In November 1996, I ported over my old game Popman/Targis/Scavenger to the PC, then uploaded it to a few places to see if it could make money as shareware. I used the DeSmet C compiler to write that. I decided to write my own compiler, then over the next 2 months I did. This was a very fascinating project, one I'm glad I took on. The commercial compilers I've seen were all either only 16 bit (like DeSmet) or were too slow (like DJGPP and Borland). My machine's just a DX2-66 486. I haven't been able to come up with a good enough excuse to upgrade, even though it's *so* cheap to do so...Anyway I released the compiler as shareware also, maybe I'll make some money off it. I'm sure someone will find it useful.

March of 1997 I finally upgraded my machine to a Cyrix 686, 133 mhz, 32 megs of ram, and a 33.6bps modem. Now I'm getting into Linux and network programming, as well as XWindows. I played netrek for a while, but my internet connection is too high latency, I kept getting killed. I'm interested in creating more free network games, perhaps less twitchy and more strategic than netrek.

May of 1998 I married Nohora Isabel Penagos, born in Colombia.
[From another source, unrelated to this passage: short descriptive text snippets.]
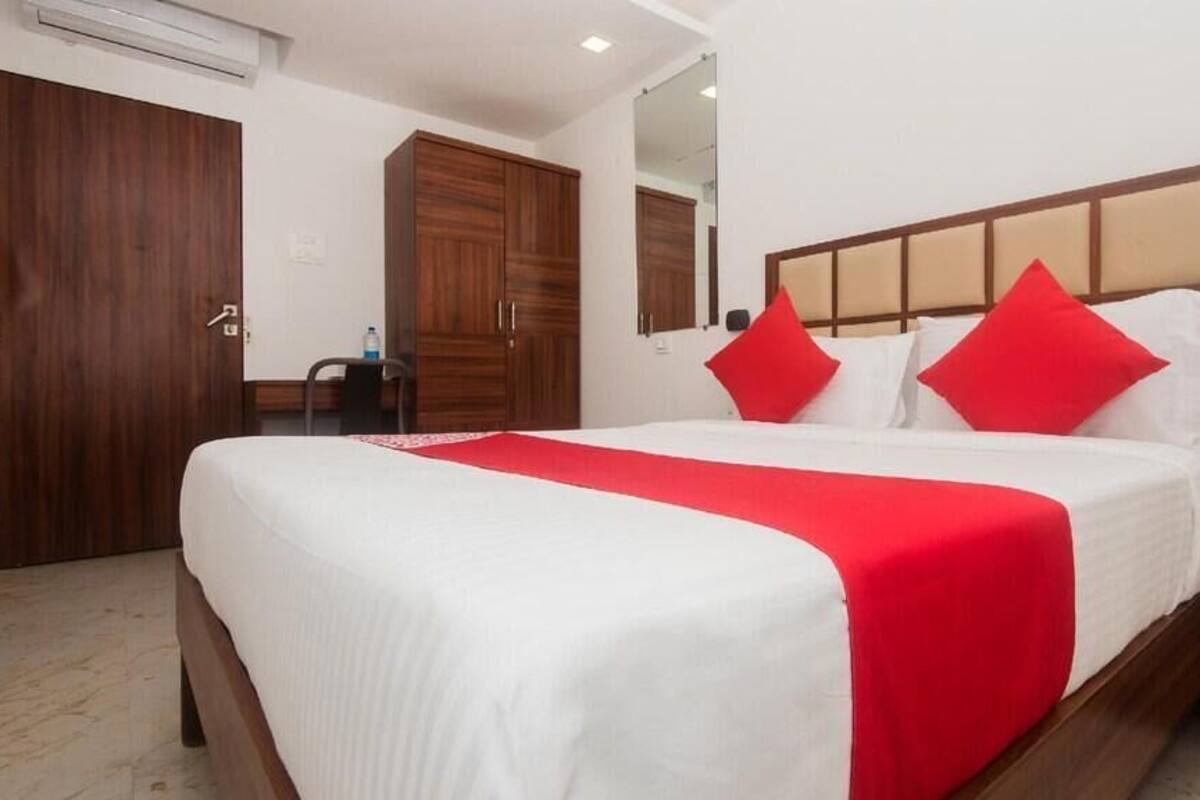 Habitación de hotel con una cama grande, un armario de madera y un espejo.
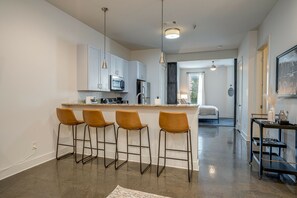 Fully equipped kitchen with stainless steel appliances, breakfast bar seating, and fully stocked with your basic cooking essentials.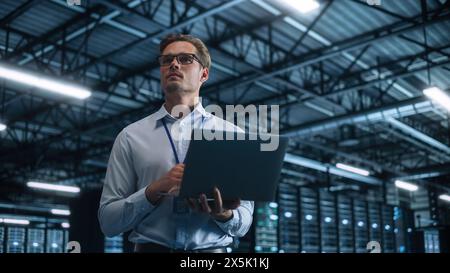 Successful Businessman Using Laptop Computer, Standing in Modern Dark Office Working on Financial, Business and Marketing Projects. Low Angle Portrait of Caucasian Manager Stock Photo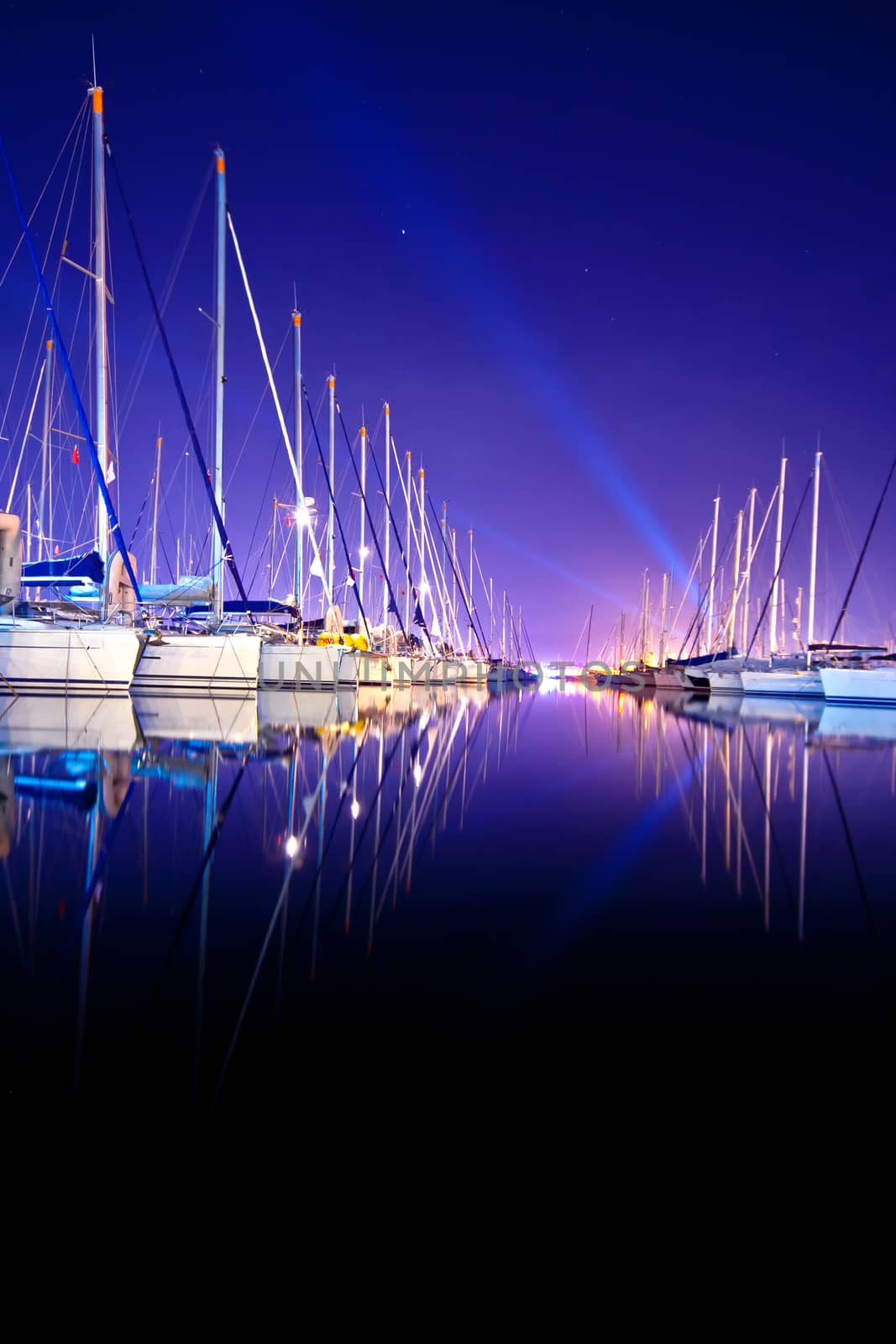 Yachts at a wharf at night in Turkey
She moved here with her son Daniel and we've been living the good life together ever since. Married life is great, if you think otherwise you're just plain sick.

September of 1998 I accepted a job at Left Field Productions doing Gameboy and Color Gameboy programming. It is low level cut down Z-80 programming for those who care.

On the side I've maintained interest in linux, and wrote a simple port of Bomberman for XWindows. Look here for more info on that.

Our home machines consist of an overclocked celeron 400 (clocked to 450) with 64 megs of ram (my machine), an AMD K6-2 450 with 64 megs of ram (Daniel's machine), and a Cyrix PR200 with 64 megs of ram (Nora's machine). The router is running the other cyrix pr200 that used to be Daniel's machine before we upgraded it. All the machines are dual boot Linux/Win95. I've got a nice 384/384 DSL connection these days, it really grows on you.

Nora is expecting! The baby is due in August 1999.